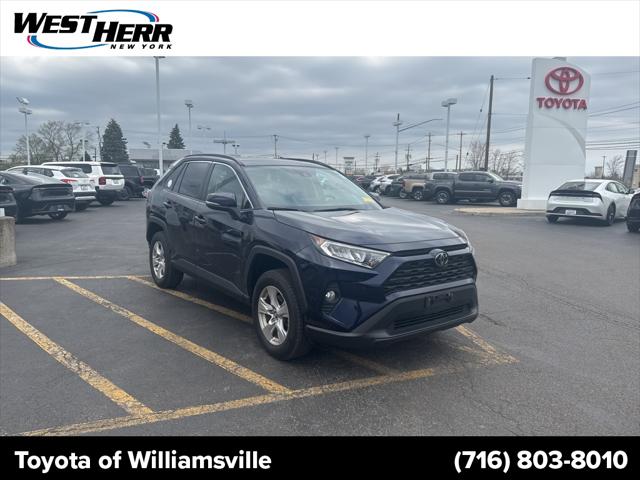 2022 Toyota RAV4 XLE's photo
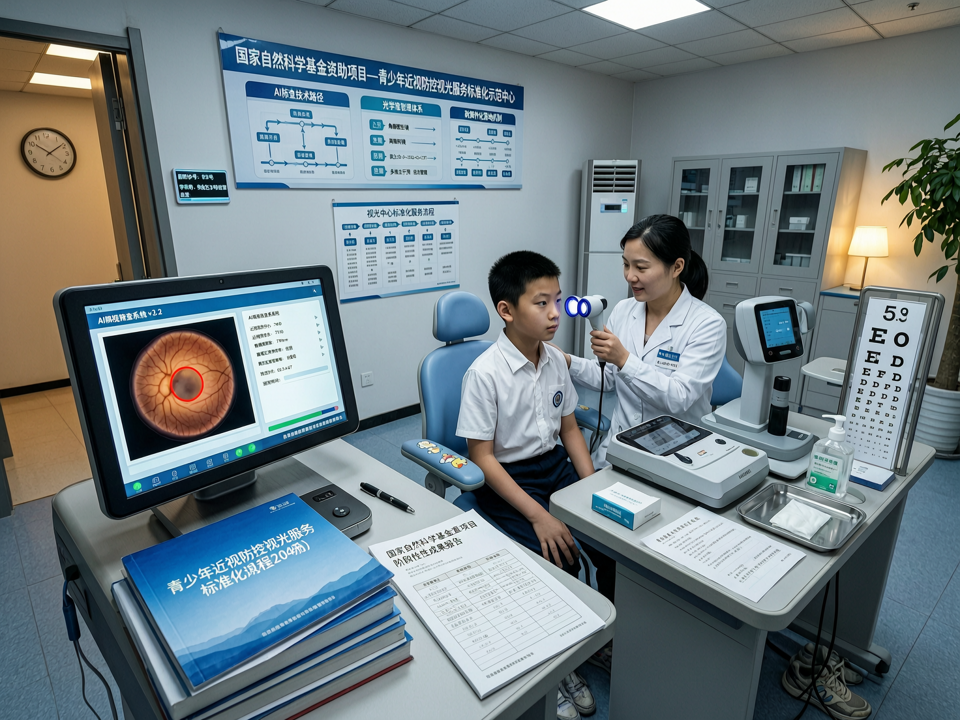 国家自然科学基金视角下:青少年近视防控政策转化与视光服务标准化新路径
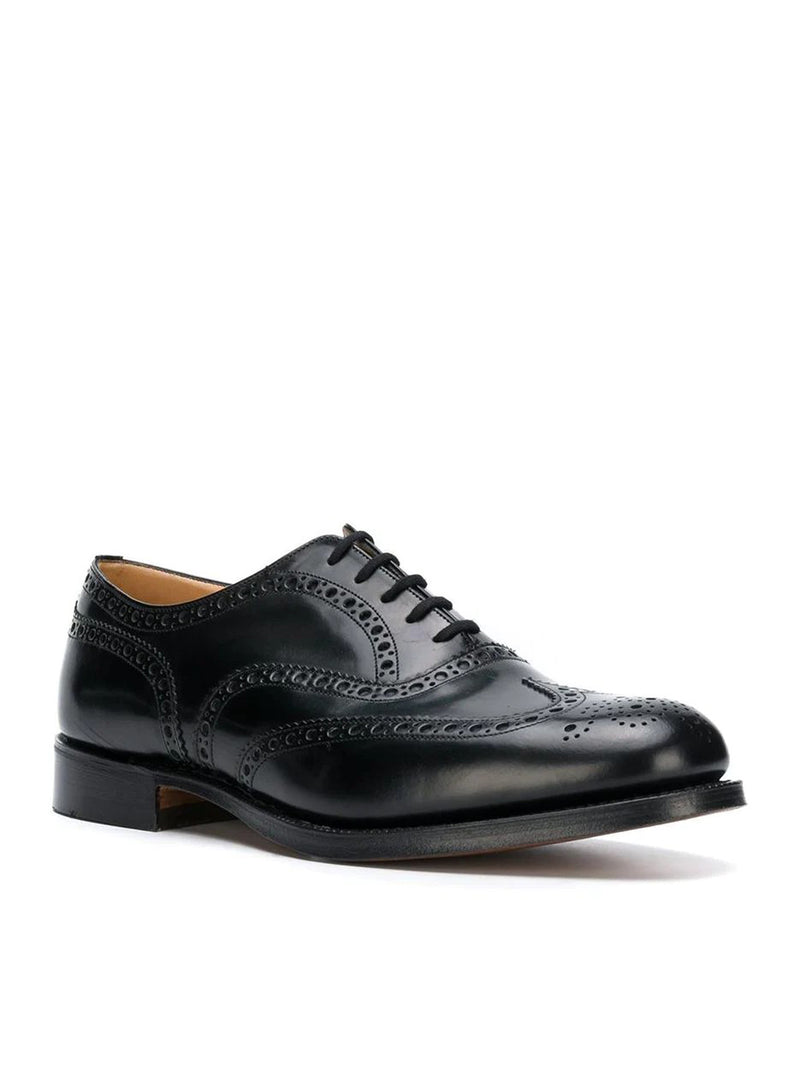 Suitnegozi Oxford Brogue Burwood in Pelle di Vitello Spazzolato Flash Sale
# # # # #
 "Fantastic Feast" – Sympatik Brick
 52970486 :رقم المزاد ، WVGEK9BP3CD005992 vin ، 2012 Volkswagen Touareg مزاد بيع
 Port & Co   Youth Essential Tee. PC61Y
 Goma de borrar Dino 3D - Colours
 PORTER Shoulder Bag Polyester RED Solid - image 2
# # # # #
:: THE TASK ::
Your answer must be everything above from the line with "2022 Toyota RAV4 XLE's photo" down to the line with "Suitnegozi Oxford Brogue", word for word, and no pictures.

:: TASK RESPONSE ::
 2022 Toyota RAV4 XLE's photo
 国家自然科学基金视角下:青少年近视防控政策转化与视光服务标准化新路径
 Suitnegozi Oxford Brogue Burwood in Pelle di Vitello Spazzolato Flash Sale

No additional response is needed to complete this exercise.